The task: In your copy, leave out all pictures and reproduce every entry exactly.

---- Provided material

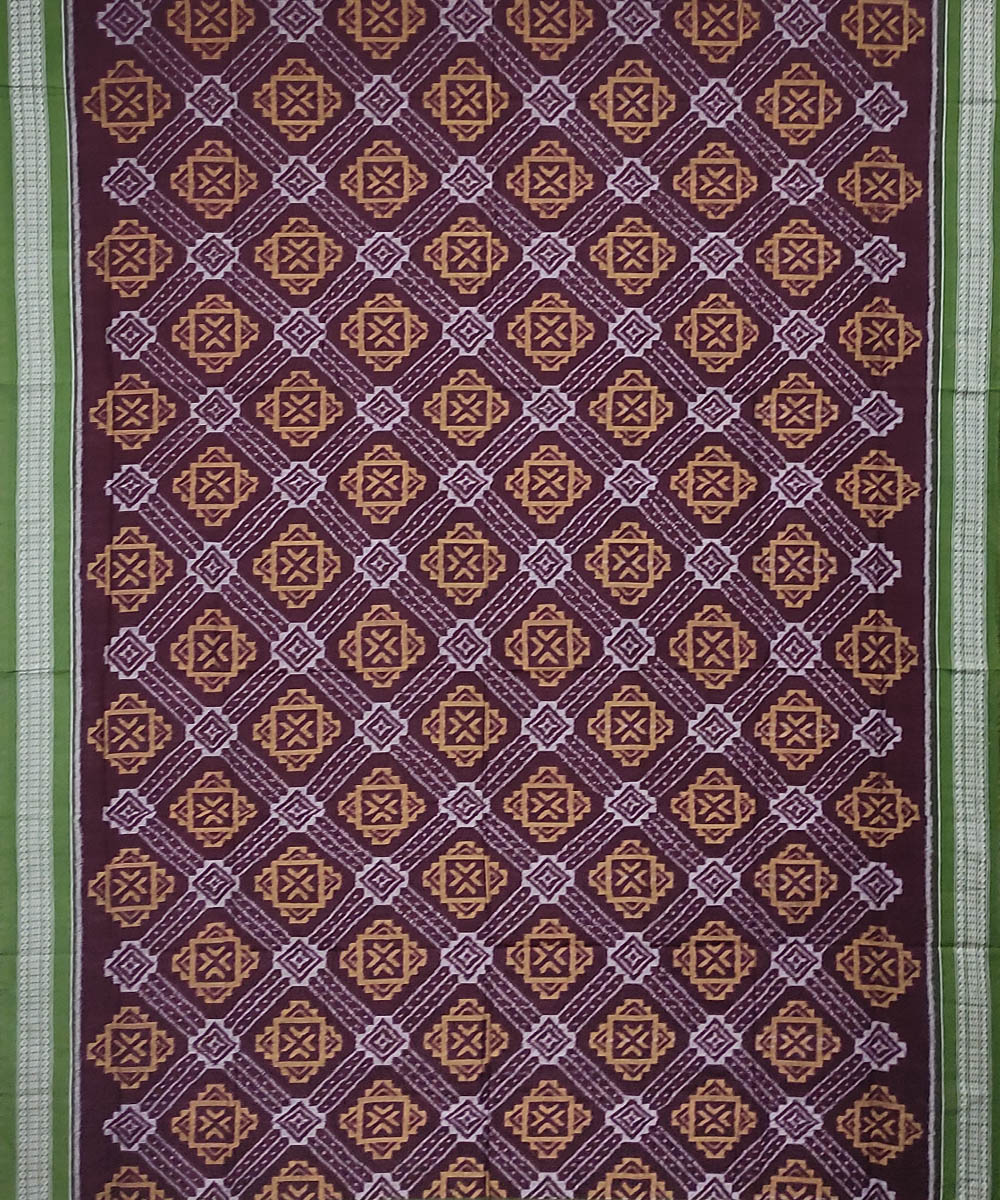 Coffee Green Sambalpuri Handwoven Single Ikat Cotton Saree Image 3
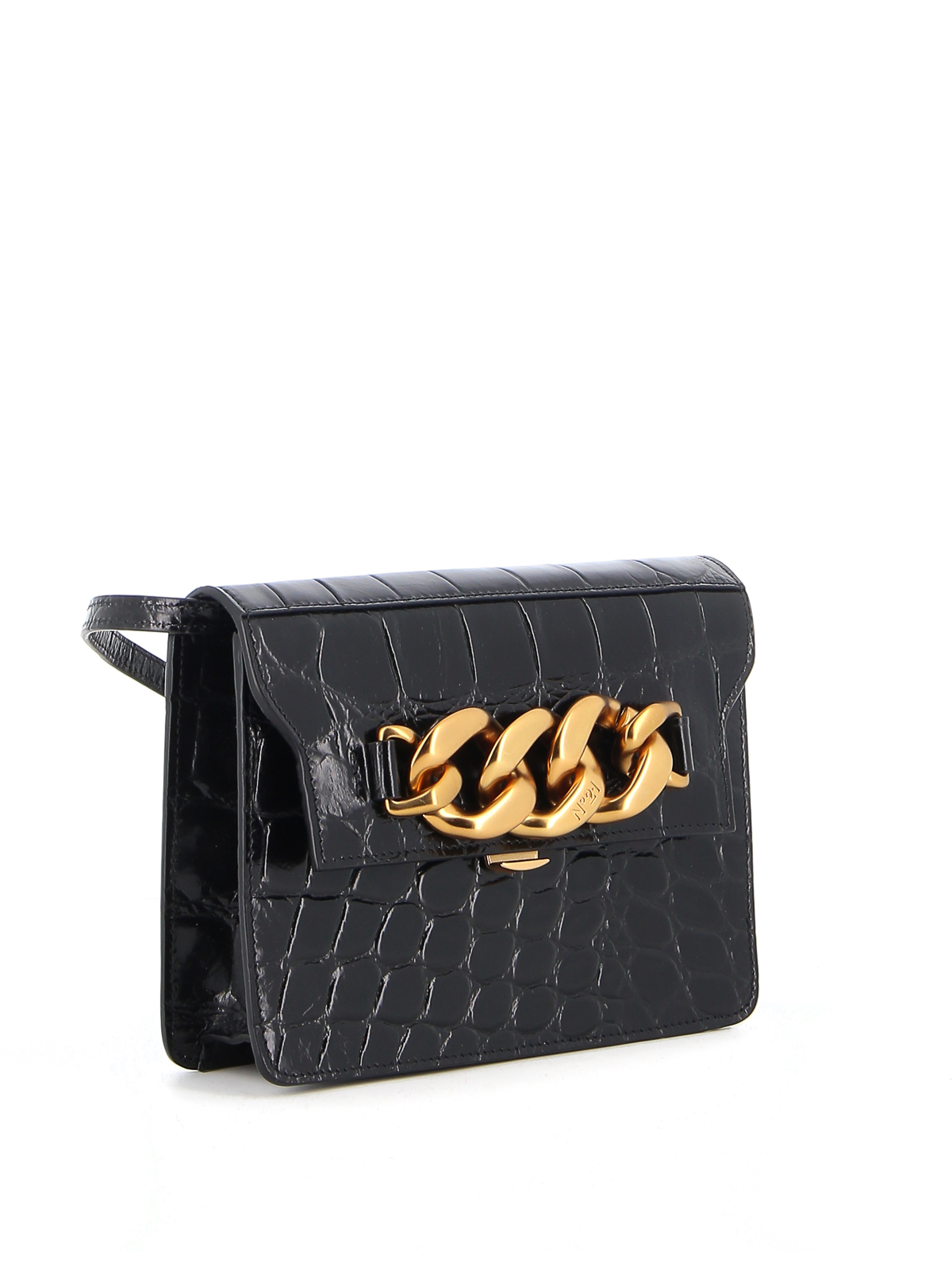 Black Croc Printed Gold Chains Shoulder Bags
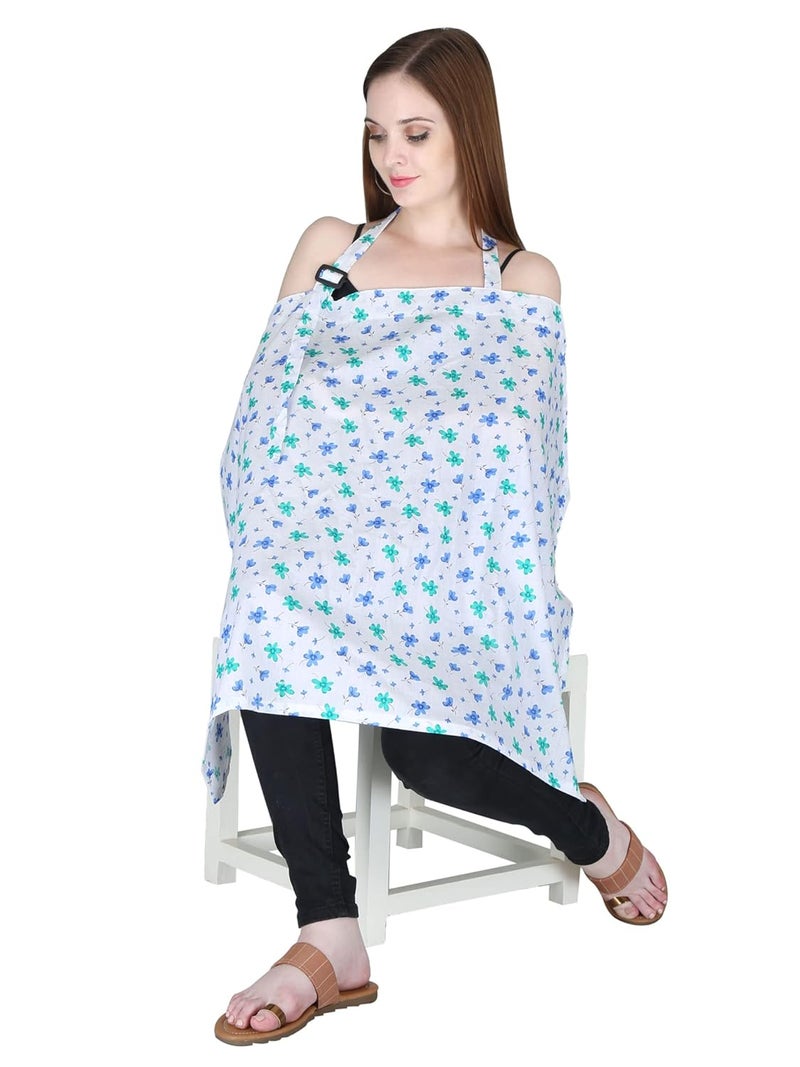 Switchon Feeding Apron Cover Maternity Cover & Scarf 100% Cotton Maternity Breastfeeding Multipurpose for Mothers (White-Blue) - Image 1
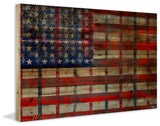 "Striped Flag" Print on Natural Pine Wood, 45"x30"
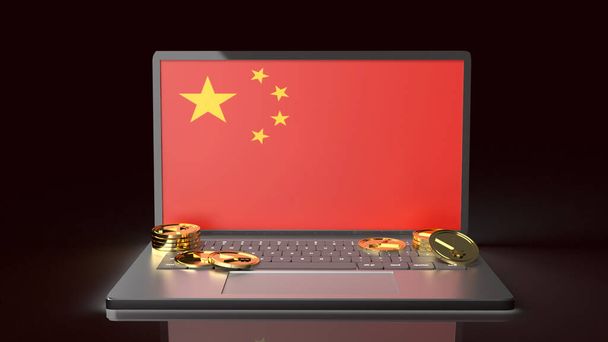 Kannettavan näytön Kiina lippu ja kultakolikoita 3d tekee Kiinan valuutta
 - Valokuva, kuva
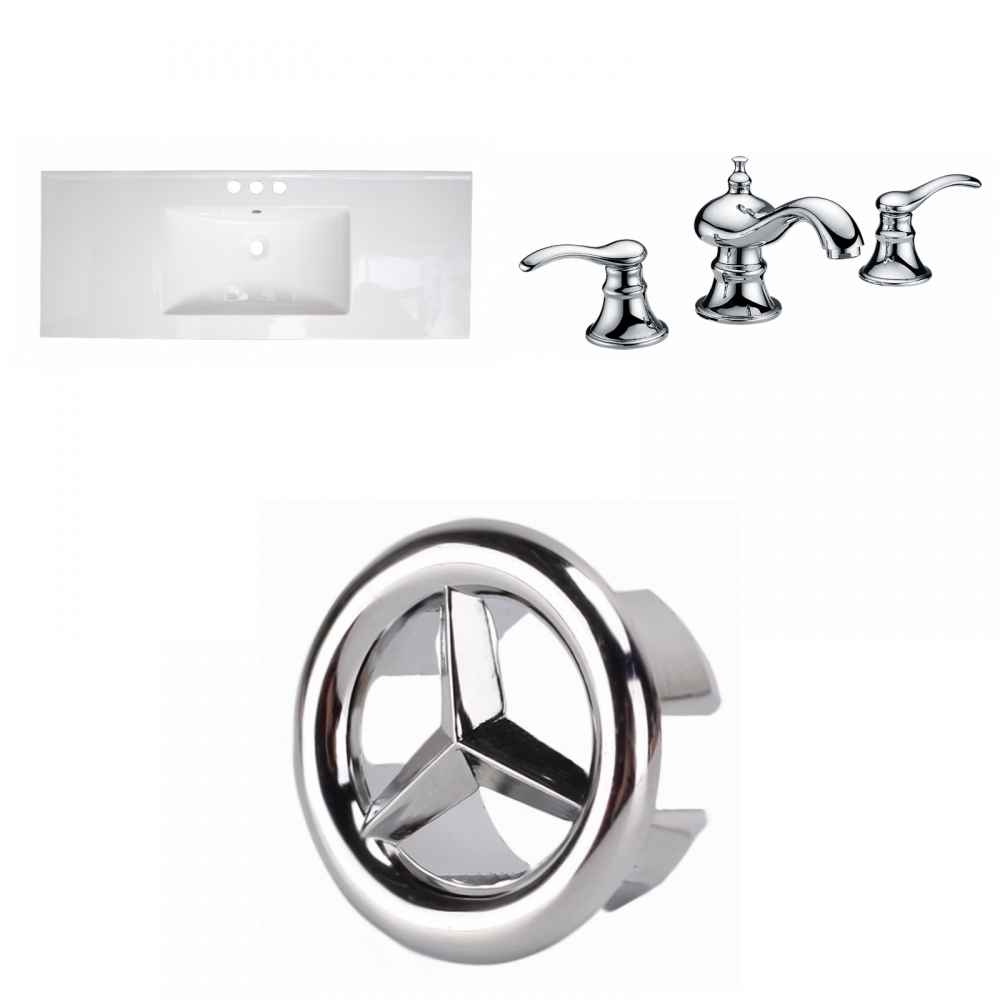 48.75-in. W 3H8-in. Ceramic Top Set In White Color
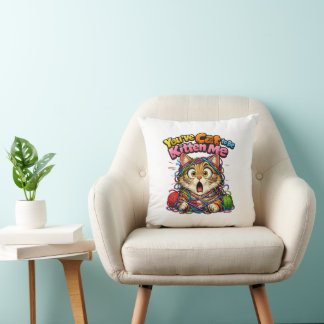 Cute Kawaii Kitten Cat Throw Pillow Kissen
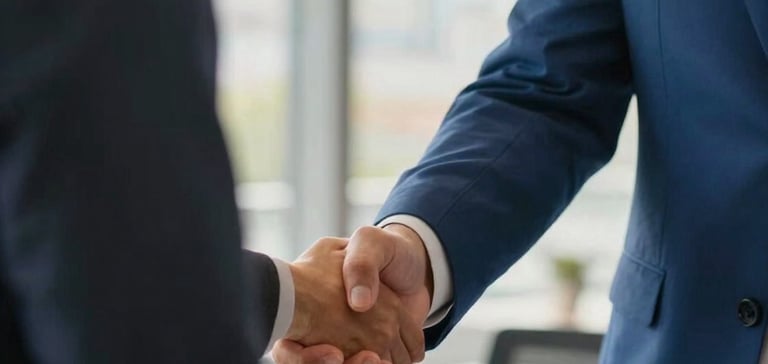 A close-up of a professional advisor in a Royal Blue suit shaking hands with a client in a bright, sunlit office. The lighting is warm and welcoming, capturing a moment of trust and efficiency.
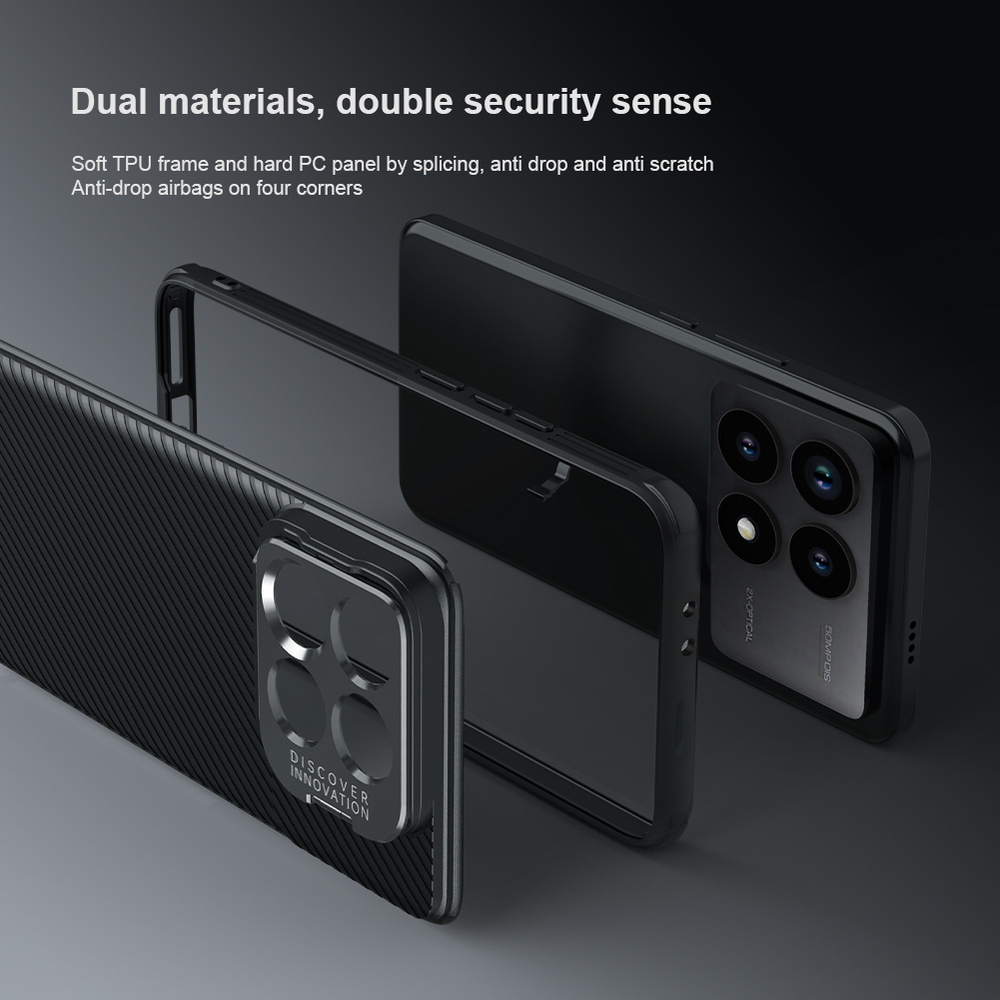 Чехол от Nillkin с металлической откидной крышкой для камеры на Xiaomi Poco F6 Pro, серия CamShield Prop Case (версия Camera-visible)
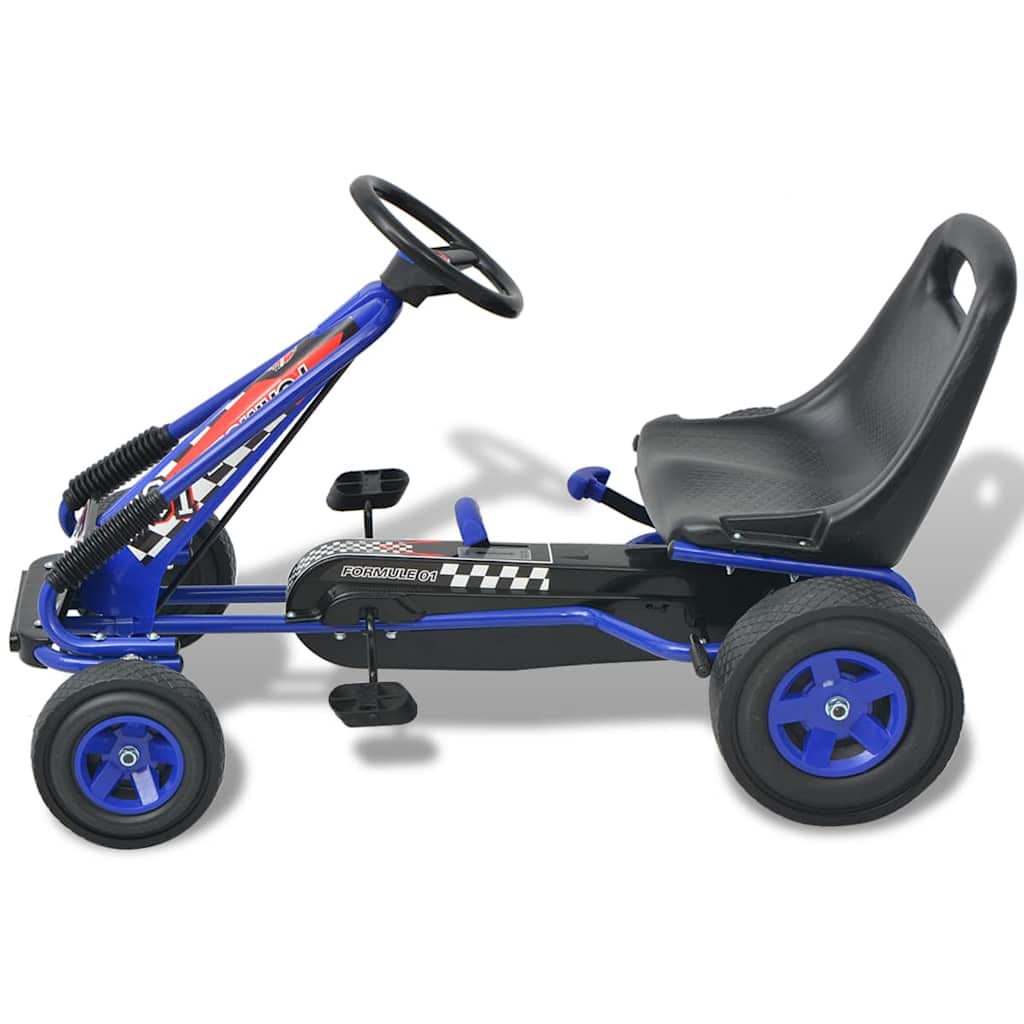 Go Kart με Πετάλια με Ρυθμιζόμενο Κάθισμα Μπλε - Pakobazaar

--------

Completed exercise:
 Coffee Green Sambalpuri Handwoven Single Ikat Cotton Saree Image 3
 Black Croc Printed Gold Chains Shoulder Bags
 Switchon Feeding Apron Cover Maternity Cover & Scarf 100% Cotton Maternity Breastfeeding Multipurpose for Mothers (White-Blue) - Image 1
 "Striped Flag" Print on Natural Pine Wood, 45"x30"
 Kannettavan näytön Kiina lippu ja kultakolikoita 3d tekee Kiinan valuutta
 - Valokuva, kuva
 48.75-in. W 3H8-in. Ceramic Top Set In White Color
 Cute Kawaii Kitten Cat Throw Pillow Kissen
 A close-up of a professional advisor in a Royal Blue suit shaking hands with a client in a bright, sunlit office. The lighting is warm and welcoming, capturing a moment of trust and efficiency.
 Чехол от Nillkin с металлической откидной крышкой для камеры на Xiaomi Poco F6 Pro, серия CamShield Prop Case (версия Camera-visible)
 Go Kart με Πετάλια με Ρυθμιζόμενο Κάθισμα Μπλε - Pakobazaar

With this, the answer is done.